Sonntag, 7. August 2016

Näh Dir Dein Kleid...

Als ich neulich in der Stadt war und dabei auch kurz in der Buchhandlung war, bin ich am aktuellen Buch von Rosa P. nicht vorbei gekommen. Sowohl beim MeMadeMittwoch als auch auf Instagram trifft man zur Zeit immer wieder auf Kleidung, die nach Schnitten aus diesem Buch genäht wurden. Da diese Schnitte für Größe S bis XXL konzipiert sind, müsste ja auch etwas für mich dabei sein.
Dank des Baukastensystems kann alles miteinander kombiniert werden. Anders als viele andere Näherinnen benötige ich bei den Oberteilen eine Nummer größer als beim Rockteil.

Beim Rock passt mir Größe L gut, ich muss lediglich etwas Länge zugeben, da ich 1,74 m groß bin.

Bei den Oberteilen ist es nicht ganz so einfach, ich nähe sie auf Basis von XL, so dass eine Anpassung über die Passe als Übergang von XL zu L recht problemlos ist.

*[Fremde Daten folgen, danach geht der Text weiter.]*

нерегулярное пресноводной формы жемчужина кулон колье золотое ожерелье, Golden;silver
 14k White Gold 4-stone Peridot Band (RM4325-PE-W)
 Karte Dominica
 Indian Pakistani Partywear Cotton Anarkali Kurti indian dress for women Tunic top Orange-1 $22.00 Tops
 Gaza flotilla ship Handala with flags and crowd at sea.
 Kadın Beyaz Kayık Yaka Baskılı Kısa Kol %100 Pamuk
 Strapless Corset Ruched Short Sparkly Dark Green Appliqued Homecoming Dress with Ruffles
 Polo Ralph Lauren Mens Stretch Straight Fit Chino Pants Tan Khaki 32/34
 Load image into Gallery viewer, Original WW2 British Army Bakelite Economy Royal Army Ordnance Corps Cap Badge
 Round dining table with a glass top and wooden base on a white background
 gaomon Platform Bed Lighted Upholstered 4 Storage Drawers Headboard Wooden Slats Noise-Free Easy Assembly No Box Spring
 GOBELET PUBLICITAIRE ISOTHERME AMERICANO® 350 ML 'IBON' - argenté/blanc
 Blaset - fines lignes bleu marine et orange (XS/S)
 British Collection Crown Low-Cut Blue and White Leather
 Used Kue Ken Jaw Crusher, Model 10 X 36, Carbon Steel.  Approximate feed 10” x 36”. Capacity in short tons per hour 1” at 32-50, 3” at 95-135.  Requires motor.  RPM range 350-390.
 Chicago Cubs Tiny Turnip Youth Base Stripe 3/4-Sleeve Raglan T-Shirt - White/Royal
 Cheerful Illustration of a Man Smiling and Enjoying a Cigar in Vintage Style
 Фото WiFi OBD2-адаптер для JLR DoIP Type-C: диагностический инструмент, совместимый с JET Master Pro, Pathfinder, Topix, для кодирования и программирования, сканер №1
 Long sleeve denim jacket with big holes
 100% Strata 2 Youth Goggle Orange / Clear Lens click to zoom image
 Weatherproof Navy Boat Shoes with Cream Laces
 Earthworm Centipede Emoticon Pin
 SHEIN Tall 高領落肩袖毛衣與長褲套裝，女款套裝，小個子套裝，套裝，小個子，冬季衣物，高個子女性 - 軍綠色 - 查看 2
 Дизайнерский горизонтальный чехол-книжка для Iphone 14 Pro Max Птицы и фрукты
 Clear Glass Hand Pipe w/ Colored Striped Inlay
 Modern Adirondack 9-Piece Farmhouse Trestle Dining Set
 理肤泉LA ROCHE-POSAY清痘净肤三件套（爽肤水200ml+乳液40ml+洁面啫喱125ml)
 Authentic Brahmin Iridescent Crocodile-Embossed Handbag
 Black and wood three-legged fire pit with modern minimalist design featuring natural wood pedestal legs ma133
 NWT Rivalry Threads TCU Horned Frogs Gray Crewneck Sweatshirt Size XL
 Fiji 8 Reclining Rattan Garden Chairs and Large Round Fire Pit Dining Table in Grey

Getestet habe ich bisher das Standardoberteil und das Carmenoberteil. Leider geht es bei mir nicht ohne FBA, die Vorderteile brauchen einfach mehr Platz für die Brust. Da es speziell beim Carmenoberteil vorne auch an Länge fehlt, habe ich als Ausgleich außerdem noch seitliche Abnäher drangebastelt. Mir hat dabei sehr gut mein selbst konstruierter Grundschnitt mit dem Brustpunkt geholfen.

Armloch und die kleinen kurzen Ärmel passen gut und gefallen mir sehr, da ich nicht so gerne ärmellose Kleidung trage.

Da ich von dem gelbgemusterten Baumwolljersey, aus dem ich neulich ein Kleid genäht habe, noch einen kleinen Rest übrig hatte, bot sich das Carmenoberteil an. Mit etwas Stofftetris ist der Zuschnitt dann gerade so gelungen.



Trotzdem werde ich mit dem Carmenoberteil kein Kleid nähen, denn ich finde, dass das besser den jungen oder sehr schlanken Frauen steht. Außerdem ist mein Rücken nicht besonders gerade, daher vermeide ich normalerweise tiefe Rückenausschnitte und trage bevorzugt Kleidung mit Kragen.

Das Kleid mit dem Standardoberteil (Ausschnitt 1), einer schmalen Passe und einem weiten Rock werde ich nach der Sommerpause beim MMM vorstellen.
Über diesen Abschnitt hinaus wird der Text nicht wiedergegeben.